Kommen wir aber mal kurz zum Schwierigkeitsgrad bzw. dem Ablauf der Kämpfe: in jedem Gebiet warten in Hellboy: Web of Wyrd verschiedene Gegnertypen auf euch, die stetig stärker werden, also härter austeilen und mehr einstecken können. Dafür könnt ihr einerseits eure Waffen und Kräfte mit im Spiel verdienter Währung aufleveln, was ihr aber nicht machen müsst, ist eure Kampftaktik anpassen. Die Kämpfe sind nämlich eigentlich nie wirklich fordernd bzw. verlangen von euch nicht viel unterschiedliche Taktiken. Im Grunde läuft es immer so ab: ihr betretet mit vollem Magazin einen Raum, die Gegner erscheinen, ihr visiert den stärksten an, schießt ihm mit der Fernkampfwaffe die Toughness weg und haut ihn dann kaputt. Wenn es nur ein großer Gegner war, verschwinden die kleinen Gegner nach dessen Tod automatisch, gibt es mehrere große Gegner, verschanzt ihr euch schnell hinter einer Mauer, ladet nach und wiederholt den Vorgang bis dieser auch tot ist. Und auch bei den Bosskämpfen funktioniert das perfekt. Toughness wegschießen, Nahkampfangriffe abfeuern, kurz per Dodge oder Weglaufen den gegnerischen Attacken ausweichen, repeat. Richtig gefordert hat mich hier leider nichts, egal wie gut oder schlecht mein Item-Loadout war.
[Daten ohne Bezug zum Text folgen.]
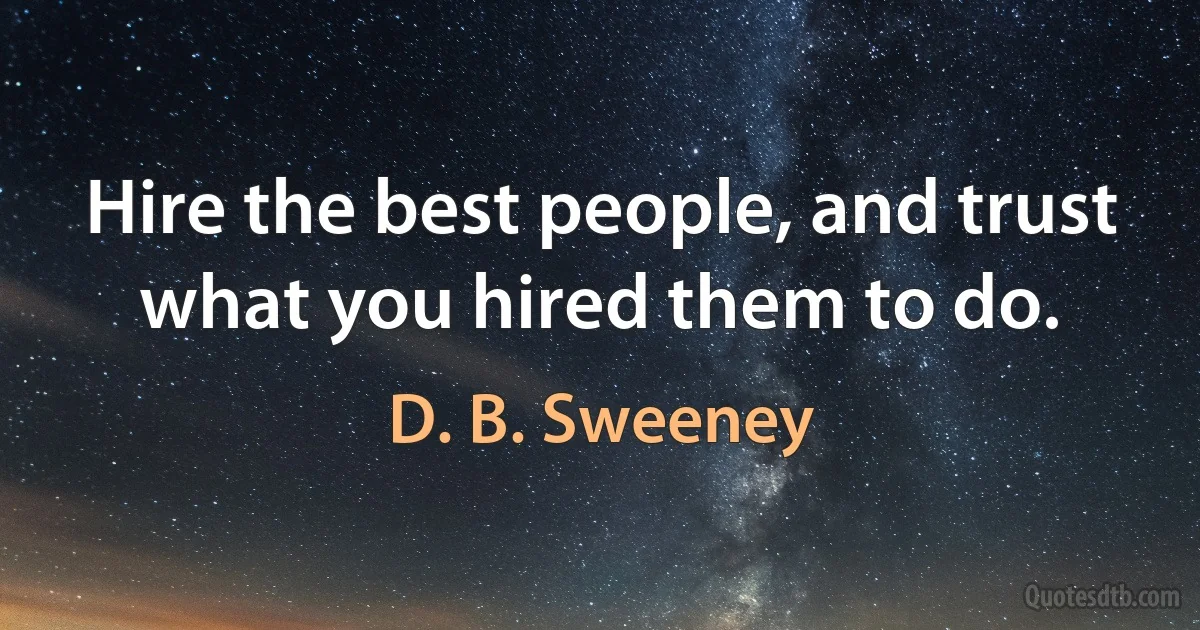 Hire the best people, and trust what you hired them to do. (D. B. Sweeney)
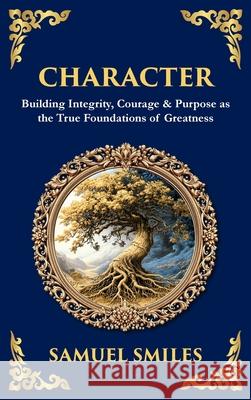 Character: Building Integrity, Courage & Purpose as the True Foundations of Greatness (Deluxe Hardbound Edition) Samuel Smiles Tim Zengerink 9781806297757 Library of Alexandria - książka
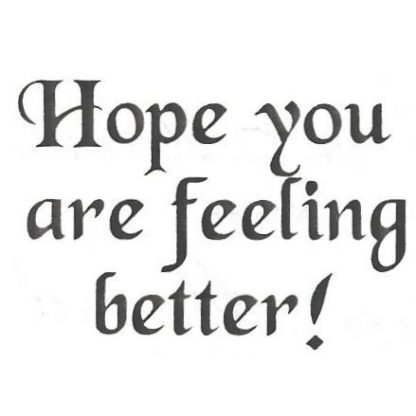 Hope you are feeling better! – Stamps Galore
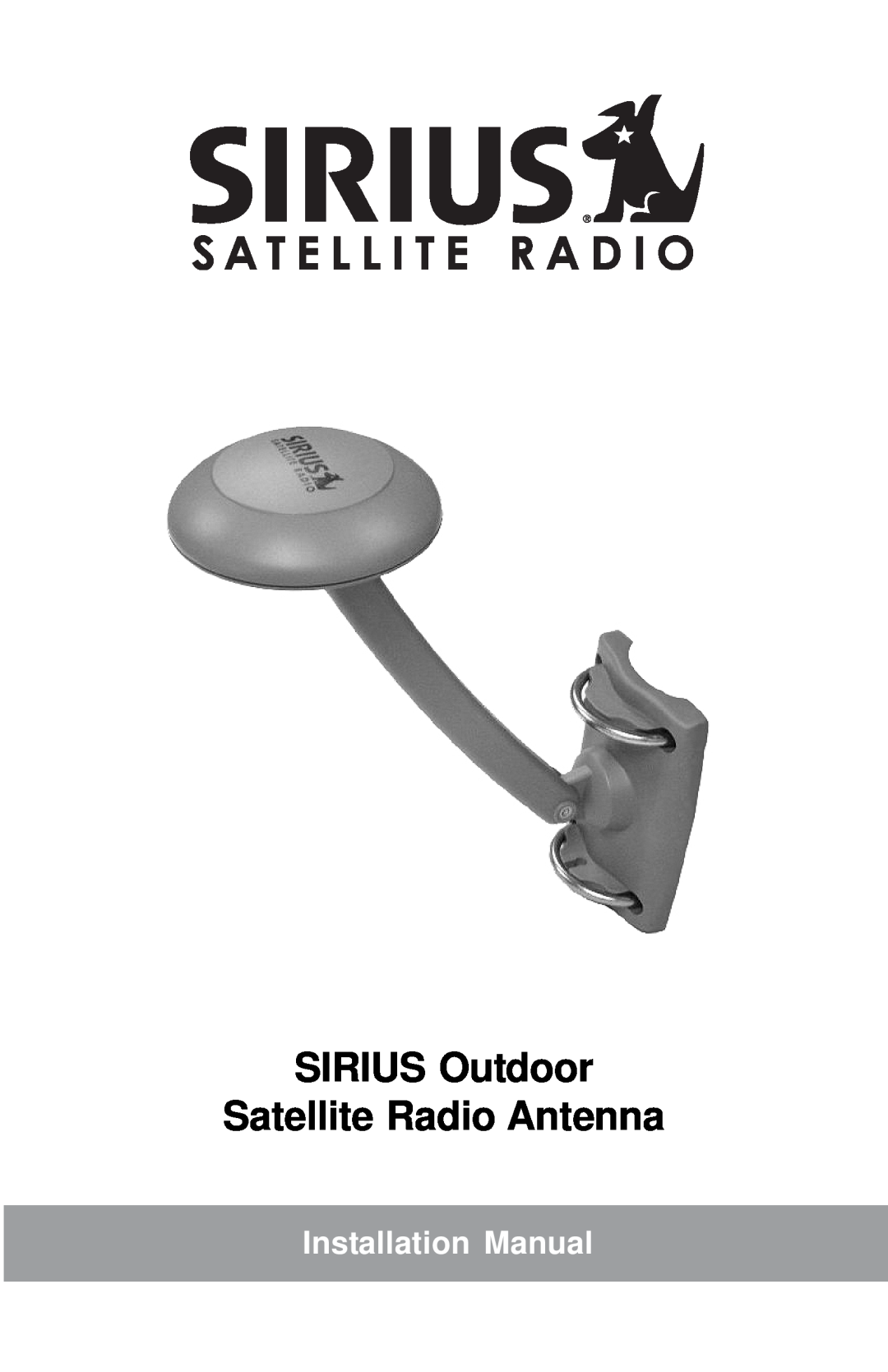 Sirius Satellite Radio 128-8662, SHA1 installation manual SIRIUS Outdoor Satellite Radio Antenna, Installation Manual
Hellboy hält seinen Revolver in die Kamera in Mike Mignola's Hellboy: Web of Wyrd von Upstream Arcade und Good Shepherd Entertainment
"Wen nennst du hier zu einfach?!"

Dafür sieht das Spiel aber zumindest optisch richtig gut aus. Jede Ecke des Wyrd wirkt so, als wäre sie direkt aus der Comic-Vorlage ausgeschnitten und selbst die Screenshots, die schon sehr gut aussehen, werden dem Spiel in Bewegung nicht gerecht. Schaut euch am besten selbst einen Trailer an, um zu sehen, wie schön Hellboy: Web of Wyrd ist. Ich bin sowieso schon ein Fan von Cel-Shading-Optik an sich, bei diesem Spiel merkt man aber einfach, dass sich das Visual Department voll austoben konnte. Gleichzeitig ist der Soundtrack und die Synchro-Leistung wirklich gut, Hellboy selbst wird vom bereits verstorbenen Lance Reddick gesprochen und wer diese Stimme nicht mag, den kann ich einfach nicht ernst nehmen. Also zumindest in der Präsentation und der Umsetzung ins Medium Videospiel haben die Entwickler*innen des britischen Indie-Studios Upstream Arcade alles richtig gemacht und Fans der Comic-Reihe werden in dieser Hinsicht sicher viel Freude mit dem Spiel haben.

"Hellboy: Web of Wyrd ist bestimmt kein schlechtes Spiel, dazu hat es mich dann doch zu gut unterhalten. Aber es ist leider auch kein richtig gutes und genug ausgereiftes Roguelike."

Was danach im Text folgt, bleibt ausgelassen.